Il me semble évident--du moins d'après les témoignages que nous avons entendus aujourd'hui--que le gouvernement fédéral entretient certaines réserves au sujet de l'entente telle qu'elle est écrite. Ma première question est la suivante, est-ce que ces ententes, telles qu'elles sont écrites, risquent de restreindre le moindrement les pouvoirs qu'attribue le Traité des eaux limitrophes en matière de protection des Grands Lacs?
Mme Karen Brown: C'est ce que nous étudions. Comme le ministre Pettigrew et je pense le ministre Dion l'ont déclaré publiquement, il est évident que notre intention est de veiller à formuler des commentaires qui vont assurer la compatibilité de ces documents. Nous voulons bien sûr défendre, tout comme le gouvernement des États-Unis, le Traité des eaux limitrophes et les obligations qui en découlent pour nous, ainsi que la Loi du Traité des eaux limitrophes internationales.
M. Jeff Watson: Ma dernière question que je vous adresse est donc la suivante : Que peut faire le gouvernement fédéral pour obtenir les changements qu'il souhaite? Je parle ici des mesures que vous allez prendre et non pas des changements que vous recherchez. Que va faire le gouvernement fédéral pour introduire des changements? Quels sont les mécanismes dont il dispose pour obtenir que l'on procède à certains changements?
Mme Karen Brown: Et bien, nous allons présenter nos commentaires aux gouverneurs des Grands Lacs. Nous allons travailler très étroitement avec le Québec et l'Ontario ainsi qu'avec le gouvernement des États-Unis. C'est la prochaine étape, lorsque nous aurons préparé des commentaires qui nous satisfont et que nous y aurons intégré les avis du ministère de la Justice.
À (1040)
Le président: Monsieur Fawcett.
M. Peter Fawcett: Monsieur le président, permettez-moi d'ajouter quelques précisions.

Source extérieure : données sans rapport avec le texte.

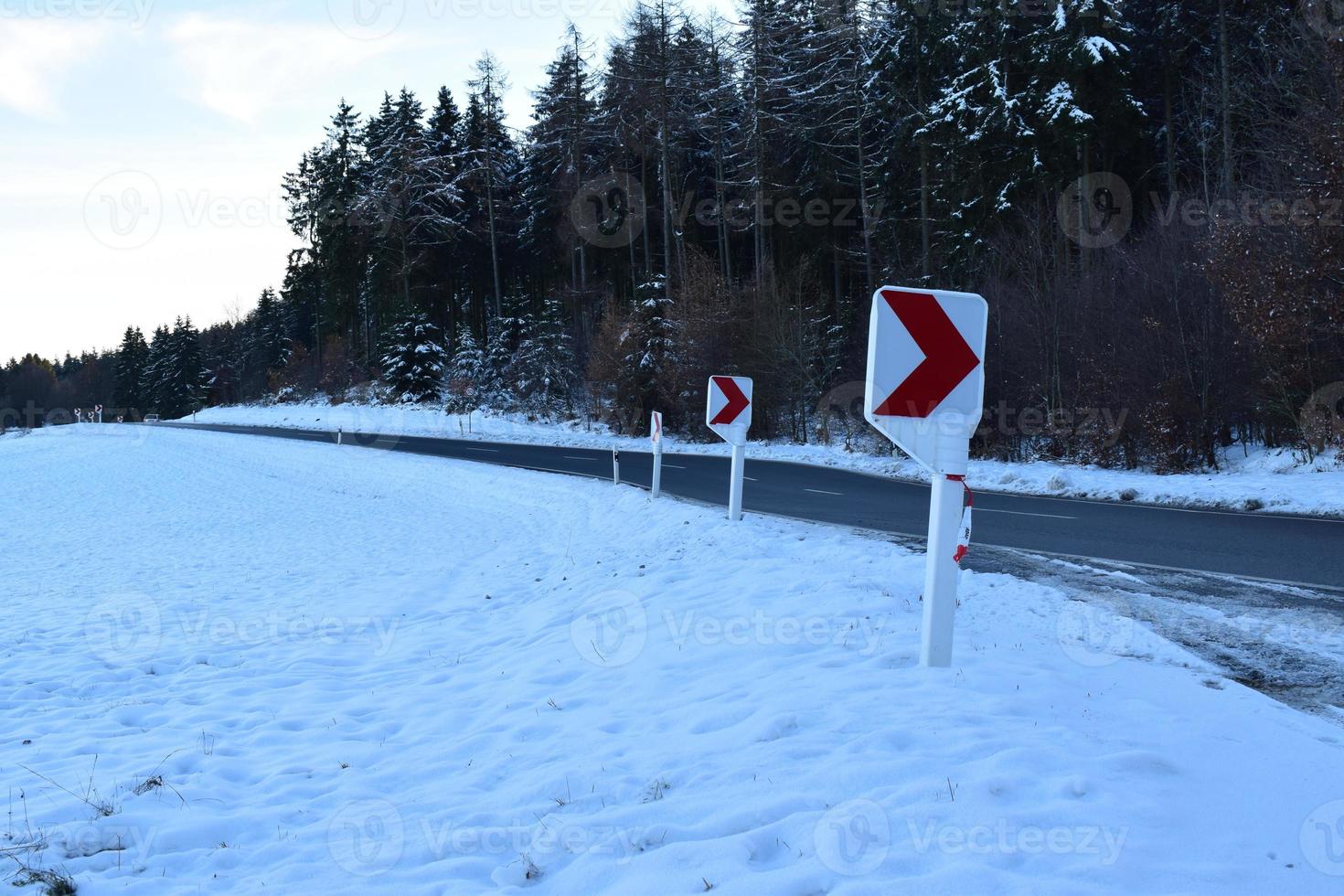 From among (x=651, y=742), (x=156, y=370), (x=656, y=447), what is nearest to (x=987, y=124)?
(x=656, y=447)

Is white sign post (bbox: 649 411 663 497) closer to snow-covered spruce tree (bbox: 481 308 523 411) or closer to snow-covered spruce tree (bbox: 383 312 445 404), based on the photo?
snow-covered spruce tree (bbox: 481 308 523 411)

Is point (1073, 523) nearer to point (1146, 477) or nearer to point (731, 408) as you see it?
point (731, 408)

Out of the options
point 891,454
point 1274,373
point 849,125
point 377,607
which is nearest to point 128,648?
point 377,607

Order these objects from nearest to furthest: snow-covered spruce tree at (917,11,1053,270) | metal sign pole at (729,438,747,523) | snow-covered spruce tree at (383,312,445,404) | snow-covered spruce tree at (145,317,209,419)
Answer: metal sign pole at (729,438,747,523)
snow-covered spruce tree at (917,11,1053,270)
snow-covered spruce tree at (383,312,445,404)
snow-covered spruce tree at (145,317,209,419)

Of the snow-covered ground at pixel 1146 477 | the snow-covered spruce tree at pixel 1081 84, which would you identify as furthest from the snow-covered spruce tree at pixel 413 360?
the snow-covered spruce tree at pixel 1081 84

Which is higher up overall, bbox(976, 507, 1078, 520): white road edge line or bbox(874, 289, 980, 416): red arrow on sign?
bbox(874, 289, 980, 416): red arrow on sign

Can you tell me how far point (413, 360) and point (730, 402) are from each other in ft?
136

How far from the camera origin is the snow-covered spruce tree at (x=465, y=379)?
150 ft

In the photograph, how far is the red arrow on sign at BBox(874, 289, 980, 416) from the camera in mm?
4352

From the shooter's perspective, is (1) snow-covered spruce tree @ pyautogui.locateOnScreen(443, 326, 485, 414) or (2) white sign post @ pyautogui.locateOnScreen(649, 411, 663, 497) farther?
(1) snow-covered spruce tree @ pyautogui.locateOnScreen(443, 326, 485, 414)

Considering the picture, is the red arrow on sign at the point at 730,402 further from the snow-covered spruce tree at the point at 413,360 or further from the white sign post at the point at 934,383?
the snow-covered spruce tree at the point at 413,360

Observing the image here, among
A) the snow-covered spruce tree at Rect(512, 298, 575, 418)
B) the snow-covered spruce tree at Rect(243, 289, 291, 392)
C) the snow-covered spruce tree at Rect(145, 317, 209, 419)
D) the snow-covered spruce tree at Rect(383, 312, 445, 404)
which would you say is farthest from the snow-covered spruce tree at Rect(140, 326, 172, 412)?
the snow-covered spruce tree at Rect(512, 298, 575, 418)

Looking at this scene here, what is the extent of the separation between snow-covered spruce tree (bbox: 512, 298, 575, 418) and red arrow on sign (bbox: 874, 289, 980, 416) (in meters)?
37.7

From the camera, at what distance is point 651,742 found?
179 inches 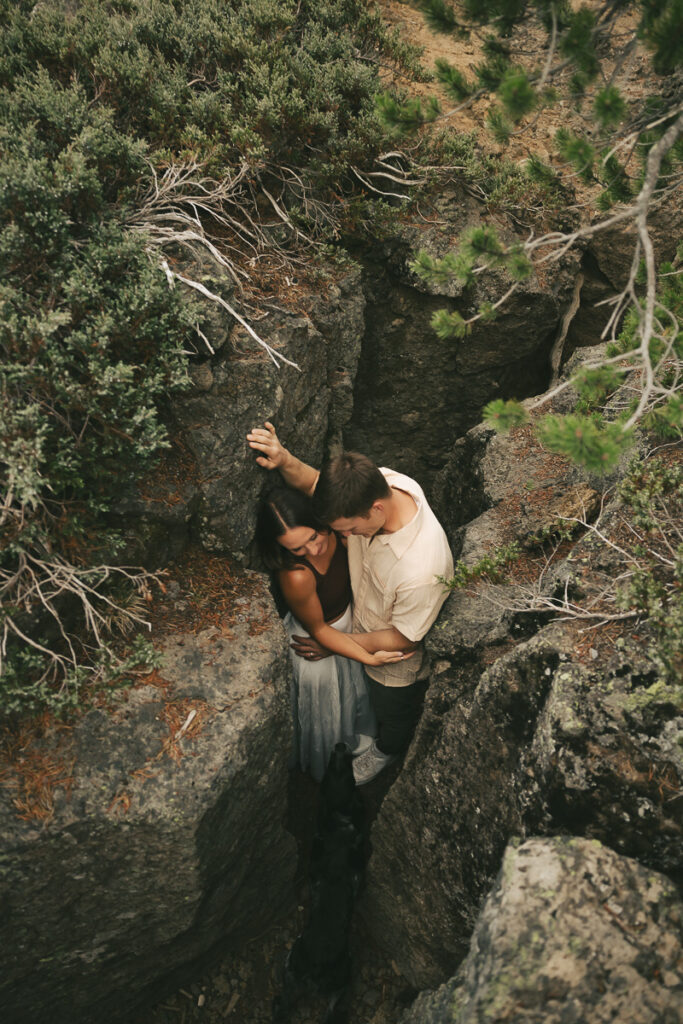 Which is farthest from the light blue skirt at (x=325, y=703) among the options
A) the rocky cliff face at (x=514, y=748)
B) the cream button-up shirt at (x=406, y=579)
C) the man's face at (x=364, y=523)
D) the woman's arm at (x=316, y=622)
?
the man's face at (x=364, y=523)

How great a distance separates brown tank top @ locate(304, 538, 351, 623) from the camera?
18.0ft

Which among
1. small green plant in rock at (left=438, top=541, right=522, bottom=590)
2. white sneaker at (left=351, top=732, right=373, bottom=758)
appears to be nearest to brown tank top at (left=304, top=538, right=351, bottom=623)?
small green plant in rock at (left=438, top=541, right=522, bottom=590)

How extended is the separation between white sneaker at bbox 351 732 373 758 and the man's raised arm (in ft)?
9.08

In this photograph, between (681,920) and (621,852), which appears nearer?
(681,920)

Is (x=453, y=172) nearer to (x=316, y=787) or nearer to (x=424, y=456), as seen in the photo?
(x=424, y=456)

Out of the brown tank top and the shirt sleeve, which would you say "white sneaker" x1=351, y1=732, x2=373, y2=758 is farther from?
the shirt sleeve

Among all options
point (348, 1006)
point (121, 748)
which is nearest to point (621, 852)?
point (121, 748)

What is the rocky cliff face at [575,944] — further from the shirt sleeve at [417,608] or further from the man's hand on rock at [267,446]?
the man's hand on rock at [267,446]

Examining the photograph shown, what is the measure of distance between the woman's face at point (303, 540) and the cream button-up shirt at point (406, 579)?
400 millimetres

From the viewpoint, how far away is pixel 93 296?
376 centimetres

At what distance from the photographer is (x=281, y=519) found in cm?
482

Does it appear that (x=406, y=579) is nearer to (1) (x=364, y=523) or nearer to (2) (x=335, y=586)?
(1) (x=364, y=523)

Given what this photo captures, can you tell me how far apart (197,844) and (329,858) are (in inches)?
75.6

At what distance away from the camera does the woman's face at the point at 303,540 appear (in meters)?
4.82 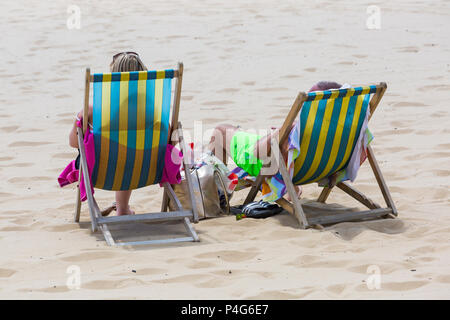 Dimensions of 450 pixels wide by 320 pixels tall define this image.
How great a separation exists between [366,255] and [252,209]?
38.0 inches

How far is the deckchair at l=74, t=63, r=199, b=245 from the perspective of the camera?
14.8ft

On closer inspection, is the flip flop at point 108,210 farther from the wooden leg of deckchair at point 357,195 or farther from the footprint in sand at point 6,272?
the wooden leg of deckchair at point 357,195

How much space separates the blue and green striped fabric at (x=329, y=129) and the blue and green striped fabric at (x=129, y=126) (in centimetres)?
78

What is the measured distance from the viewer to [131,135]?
462 centimetres

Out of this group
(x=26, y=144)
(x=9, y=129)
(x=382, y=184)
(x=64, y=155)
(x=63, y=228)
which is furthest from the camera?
(x=9, y=129)

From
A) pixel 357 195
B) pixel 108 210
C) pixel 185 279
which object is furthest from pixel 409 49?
pixel 185 279

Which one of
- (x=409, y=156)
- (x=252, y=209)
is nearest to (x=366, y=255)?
(x=252, y=209)

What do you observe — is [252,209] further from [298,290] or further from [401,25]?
[401,25]

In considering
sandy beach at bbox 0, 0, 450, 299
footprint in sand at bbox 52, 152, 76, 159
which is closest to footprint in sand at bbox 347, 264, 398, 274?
sandy beach at bbox 0, 0, 450, 299

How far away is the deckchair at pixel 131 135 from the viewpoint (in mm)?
4512

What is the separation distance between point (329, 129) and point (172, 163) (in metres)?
0.91

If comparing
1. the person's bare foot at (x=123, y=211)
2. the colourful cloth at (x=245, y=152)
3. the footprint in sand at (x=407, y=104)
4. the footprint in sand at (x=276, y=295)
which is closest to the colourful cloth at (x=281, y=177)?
the colourful cloth at (x=245, y=152)

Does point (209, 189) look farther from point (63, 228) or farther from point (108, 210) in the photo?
point (63, 228)

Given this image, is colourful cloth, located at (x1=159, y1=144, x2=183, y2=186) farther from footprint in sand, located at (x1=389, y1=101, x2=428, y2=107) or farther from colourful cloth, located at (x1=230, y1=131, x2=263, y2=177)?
footprint in sand, located at (x1=389, y1=101, x2=428, y2=107) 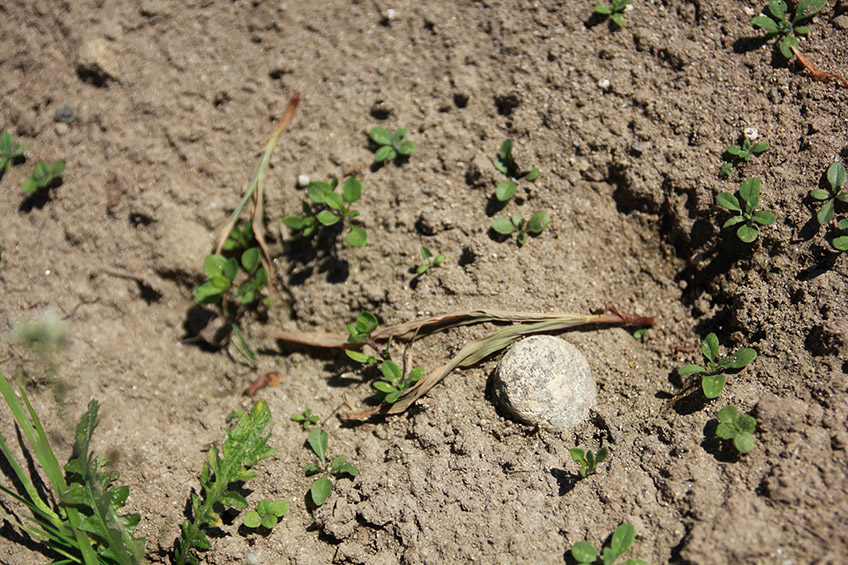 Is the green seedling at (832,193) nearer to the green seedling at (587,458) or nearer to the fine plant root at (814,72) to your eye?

En février 2001, le gouvernement fédéral a présenté des commentaires très complets au sujet d'une proposition très libérale qui avait été faite à l'époque. On parlait en fait de près de 5 millions de gallons par jour, comme seuil d'examen des déviations d'eau à l'extérieur du bassin. Je suis heureux de pouvoir vous dire que nous avons transmis nos commentaires à un certain nombre d'États--pas seulement au Michigan mais à plusieurs autres et que l'État de New York en particulier s'est déclaré très préoccupé de l'ampleur de ces dérivations. L'annexe qui a découlé de ce processus contenait des principes qui se rapprochaient davantage de ce que nous souhaitions obtenir.
Je pense que le conseil sera heureux d'examiner les commentaires du gouvernement du Canada et qu'il réfléchira ensuite à tous les commentaires qu'il aura reçus au cours de ces consultations.
Le président: Merci.
Monsieur McGuinty.
M. David McGuinty: Merci, monsieur le président.
J'aimerais revenir sur quelques commentaires plus généraux au sujet de l'eau et profiter de votre présence ici ce matin. Bien sûr, je n'ai pas de chiffres récents. Si vous avez des idées là-dessus, je serais très heureux de les entendre. Je crois savoir que de 84 à 88 p. 100 de toute l'eau douce qui est utilisée aux États-Unis et au Canada sert à l'irrigation. Je ne sais pas si cette tendance est en hausse ou en baisse, avec l'amélioration de la technologie de l'irrigation, et à mesure que nous trouvons, par exemple, de nouvelles sources souterraines et des façons plus efficaces d'irriguer des cultures sur une grande échelle, en particulier dans le midwest américain.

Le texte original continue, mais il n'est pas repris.